Un grand domaine gallo-romain (30 avant notre ère - 476)

L'habitat des Gallo-Romains est identifié à un endroit précis du Parc. Ce domaine possédait certainement la plupart des terres agricoles environnantes et devait en tirer ses principaux revenus. La fouille de 2008 a mis en évidence de longs fossés rectilignes délimitant les champs antiques et leurs chemins d'accès. Deux d'entre eux convergent vers la nécropole du domaine. Le propriétaire s'est fait ériger un mausolée dont les puissantes fondations, larges de 7 mètres, devaient porter une tour haute d'une dizaine de mètres. Jusqu'au IIIe siècle, d'autres défunts ont souhaité se faire inhumer ou incinérer à proximité, en aménageant eux aussi des monuments. Les fossés qui les délimitaient ont livré trois sépultures de nourrissons dont le corps est simplement déposé dans une amphore retaillée en cercueil. 

Un déplacement de l'habitat au Moyen Âge (Ve-XVe siècle)

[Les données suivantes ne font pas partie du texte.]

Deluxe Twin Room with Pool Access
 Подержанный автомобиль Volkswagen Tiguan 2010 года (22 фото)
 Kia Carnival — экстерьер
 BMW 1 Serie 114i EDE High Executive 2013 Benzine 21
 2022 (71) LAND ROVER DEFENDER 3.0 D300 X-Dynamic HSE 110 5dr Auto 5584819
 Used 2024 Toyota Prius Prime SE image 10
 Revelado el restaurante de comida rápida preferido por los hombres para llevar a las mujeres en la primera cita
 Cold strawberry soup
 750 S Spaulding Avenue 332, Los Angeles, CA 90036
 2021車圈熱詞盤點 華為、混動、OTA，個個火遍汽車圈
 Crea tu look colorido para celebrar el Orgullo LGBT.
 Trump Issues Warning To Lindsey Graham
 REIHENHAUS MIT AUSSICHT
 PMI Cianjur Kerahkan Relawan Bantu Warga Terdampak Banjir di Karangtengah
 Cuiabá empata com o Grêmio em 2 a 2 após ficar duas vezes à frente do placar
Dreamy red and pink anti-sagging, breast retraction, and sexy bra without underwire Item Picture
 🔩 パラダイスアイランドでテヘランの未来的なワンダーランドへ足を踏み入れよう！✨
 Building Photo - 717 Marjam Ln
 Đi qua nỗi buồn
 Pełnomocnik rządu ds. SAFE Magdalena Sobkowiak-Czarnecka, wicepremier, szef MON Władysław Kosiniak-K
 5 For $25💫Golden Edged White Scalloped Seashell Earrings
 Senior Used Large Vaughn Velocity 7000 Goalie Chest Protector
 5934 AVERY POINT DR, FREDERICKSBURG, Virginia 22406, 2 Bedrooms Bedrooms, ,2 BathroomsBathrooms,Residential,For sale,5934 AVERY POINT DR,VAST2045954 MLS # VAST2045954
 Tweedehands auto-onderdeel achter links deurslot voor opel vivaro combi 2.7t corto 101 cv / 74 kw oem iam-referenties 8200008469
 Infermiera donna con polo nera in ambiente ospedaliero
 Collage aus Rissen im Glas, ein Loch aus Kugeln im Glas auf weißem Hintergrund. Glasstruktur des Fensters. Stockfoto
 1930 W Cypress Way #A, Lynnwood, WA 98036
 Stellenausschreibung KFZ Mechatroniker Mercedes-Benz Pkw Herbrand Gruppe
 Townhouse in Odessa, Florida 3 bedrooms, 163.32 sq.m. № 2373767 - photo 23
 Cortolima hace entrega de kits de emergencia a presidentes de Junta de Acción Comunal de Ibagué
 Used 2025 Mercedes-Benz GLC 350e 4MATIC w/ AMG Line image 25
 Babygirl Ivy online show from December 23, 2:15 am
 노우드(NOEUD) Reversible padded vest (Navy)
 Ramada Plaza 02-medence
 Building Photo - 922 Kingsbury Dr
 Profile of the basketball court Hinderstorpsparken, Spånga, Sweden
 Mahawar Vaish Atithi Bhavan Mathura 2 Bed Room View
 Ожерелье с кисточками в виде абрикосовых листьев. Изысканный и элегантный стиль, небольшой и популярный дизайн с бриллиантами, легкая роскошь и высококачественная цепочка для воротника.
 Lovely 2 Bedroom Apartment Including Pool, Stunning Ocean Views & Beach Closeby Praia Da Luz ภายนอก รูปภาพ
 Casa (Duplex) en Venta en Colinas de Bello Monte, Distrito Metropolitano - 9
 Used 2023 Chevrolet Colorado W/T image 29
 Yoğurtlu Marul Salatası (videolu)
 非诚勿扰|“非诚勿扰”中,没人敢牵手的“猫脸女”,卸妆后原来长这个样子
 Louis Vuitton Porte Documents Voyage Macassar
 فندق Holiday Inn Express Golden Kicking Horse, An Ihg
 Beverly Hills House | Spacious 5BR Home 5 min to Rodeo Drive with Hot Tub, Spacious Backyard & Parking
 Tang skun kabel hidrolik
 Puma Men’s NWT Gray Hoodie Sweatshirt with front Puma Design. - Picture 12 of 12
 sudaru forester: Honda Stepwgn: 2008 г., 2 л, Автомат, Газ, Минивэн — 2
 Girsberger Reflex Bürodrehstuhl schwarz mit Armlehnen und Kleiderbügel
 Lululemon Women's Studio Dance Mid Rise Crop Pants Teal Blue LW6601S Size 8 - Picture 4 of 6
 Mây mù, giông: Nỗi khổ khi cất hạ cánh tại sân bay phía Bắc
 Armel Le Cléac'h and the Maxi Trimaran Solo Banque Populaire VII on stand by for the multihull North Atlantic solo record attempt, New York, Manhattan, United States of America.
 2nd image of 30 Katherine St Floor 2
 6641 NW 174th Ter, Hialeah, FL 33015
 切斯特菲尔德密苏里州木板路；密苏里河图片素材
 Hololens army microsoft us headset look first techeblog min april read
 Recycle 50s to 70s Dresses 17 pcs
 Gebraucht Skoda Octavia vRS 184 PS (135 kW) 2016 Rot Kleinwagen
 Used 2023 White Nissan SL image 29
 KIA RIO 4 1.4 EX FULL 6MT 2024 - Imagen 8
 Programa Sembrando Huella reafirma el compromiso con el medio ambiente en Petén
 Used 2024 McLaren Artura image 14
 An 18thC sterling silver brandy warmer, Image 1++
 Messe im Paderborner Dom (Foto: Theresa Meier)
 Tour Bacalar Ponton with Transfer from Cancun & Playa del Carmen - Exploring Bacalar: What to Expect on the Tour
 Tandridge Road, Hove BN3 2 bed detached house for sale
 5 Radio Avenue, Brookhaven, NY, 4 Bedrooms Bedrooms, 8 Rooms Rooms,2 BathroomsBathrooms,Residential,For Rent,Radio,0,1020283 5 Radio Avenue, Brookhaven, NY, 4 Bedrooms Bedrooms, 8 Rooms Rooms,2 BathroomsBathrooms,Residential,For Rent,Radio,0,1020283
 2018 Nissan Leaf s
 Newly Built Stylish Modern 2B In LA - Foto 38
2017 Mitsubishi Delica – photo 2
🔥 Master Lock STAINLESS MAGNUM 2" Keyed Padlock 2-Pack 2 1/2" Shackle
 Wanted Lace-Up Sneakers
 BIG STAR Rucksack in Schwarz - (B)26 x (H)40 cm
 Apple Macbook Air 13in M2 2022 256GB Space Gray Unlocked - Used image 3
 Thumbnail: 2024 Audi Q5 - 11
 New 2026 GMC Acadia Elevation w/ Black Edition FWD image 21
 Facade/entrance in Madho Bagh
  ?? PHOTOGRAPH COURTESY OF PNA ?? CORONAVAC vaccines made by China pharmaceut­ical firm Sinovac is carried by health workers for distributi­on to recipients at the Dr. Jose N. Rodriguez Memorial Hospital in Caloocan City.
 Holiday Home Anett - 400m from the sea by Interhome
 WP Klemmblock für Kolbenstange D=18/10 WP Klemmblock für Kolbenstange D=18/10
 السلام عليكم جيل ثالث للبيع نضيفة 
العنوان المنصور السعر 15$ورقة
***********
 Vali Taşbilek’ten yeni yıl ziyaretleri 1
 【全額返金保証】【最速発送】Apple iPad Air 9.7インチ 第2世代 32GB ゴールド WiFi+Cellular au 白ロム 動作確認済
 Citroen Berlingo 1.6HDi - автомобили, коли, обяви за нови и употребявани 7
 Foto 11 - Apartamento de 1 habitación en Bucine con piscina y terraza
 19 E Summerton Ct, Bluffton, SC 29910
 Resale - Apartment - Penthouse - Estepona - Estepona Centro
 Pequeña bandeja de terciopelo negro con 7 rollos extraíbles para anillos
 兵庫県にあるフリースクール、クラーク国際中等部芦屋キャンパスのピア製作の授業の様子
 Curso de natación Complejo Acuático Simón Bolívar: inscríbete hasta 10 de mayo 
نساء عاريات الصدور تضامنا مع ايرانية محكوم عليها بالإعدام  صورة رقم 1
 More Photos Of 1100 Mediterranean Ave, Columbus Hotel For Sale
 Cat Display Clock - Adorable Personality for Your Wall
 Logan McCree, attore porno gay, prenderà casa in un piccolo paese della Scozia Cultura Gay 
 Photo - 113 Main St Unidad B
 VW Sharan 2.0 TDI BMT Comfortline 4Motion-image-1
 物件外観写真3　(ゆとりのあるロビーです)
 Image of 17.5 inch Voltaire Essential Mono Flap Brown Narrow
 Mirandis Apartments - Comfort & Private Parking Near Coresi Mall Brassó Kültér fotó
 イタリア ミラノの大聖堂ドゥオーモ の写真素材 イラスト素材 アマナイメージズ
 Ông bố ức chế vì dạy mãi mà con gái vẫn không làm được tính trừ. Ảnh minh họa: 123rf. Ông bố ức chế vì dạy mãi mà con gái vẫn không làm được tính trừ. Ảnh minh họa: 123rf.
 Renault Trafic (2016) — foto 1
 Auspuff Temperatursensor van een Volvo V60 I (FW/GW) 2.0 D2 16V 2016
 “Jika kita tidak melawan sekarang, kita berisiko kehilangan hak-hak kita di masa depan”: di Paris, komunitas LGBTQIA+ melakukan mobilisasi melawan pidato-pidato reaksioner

Au cours du démembrement de l'Empire romain, une petite population continue à faire vivre l'exploitation créée durant l'Antiquité. Son habitat, non encore fouillé, est déplacé et prend une forme qui mélange traditions gallo-romaines et germaniques. Aux environs du VIIe siècle, les exploitants quittent la zone du Parc logistique pour s'installer en bordure, peut-être à l'emplacement de l'actuel hameau d'Herbigny, à Saint-Léger-près-Troyes. Seule une de leur nécropole, fouillée en 2006, contenant six adultes et deux jeunes, reste sur place. Une nécropole carolingienne (VIIe au Xe siècle) plus vaste est également connue sur l'autre versant de la vallée, à Buchères. Située à quelques dizaines de mètres à l'extérieur du Parc logistique, elle confirme qu'à partir de cette période, les habitants vont peu à peu donner naissance aux villages actuels, en n'utilisant les terres du Parc qu'à des fins agropastorales. 

L'apport de l'archéologie

L'emprise importante du Parc logistique de l'Aube permet, pour la première fois dans le département, d'accéder aux « archives du sol » sur une vaste surface, favorisant ainsi l'étude de l'occupation d'un territoire sur de très longues périodes chronologiques. Saisir l'évolution de l'organisation de l'espace au cours des sociétés qui se sont succédé revient à découvrir les multiples formes spatiales, économiques et sociales de l'habitat dispersé et les rythmes d'apparition et de recul de l'habitat groupé. Ces questions rejoignent celles sur les réseaux d'échange et de communication, économiques ou culturels, entre ces communautés rurales. L'archéologie et la géographie humaine ancienne contribuent ainsi à comprendre les origines complexes et l'évolution de la culture européenne.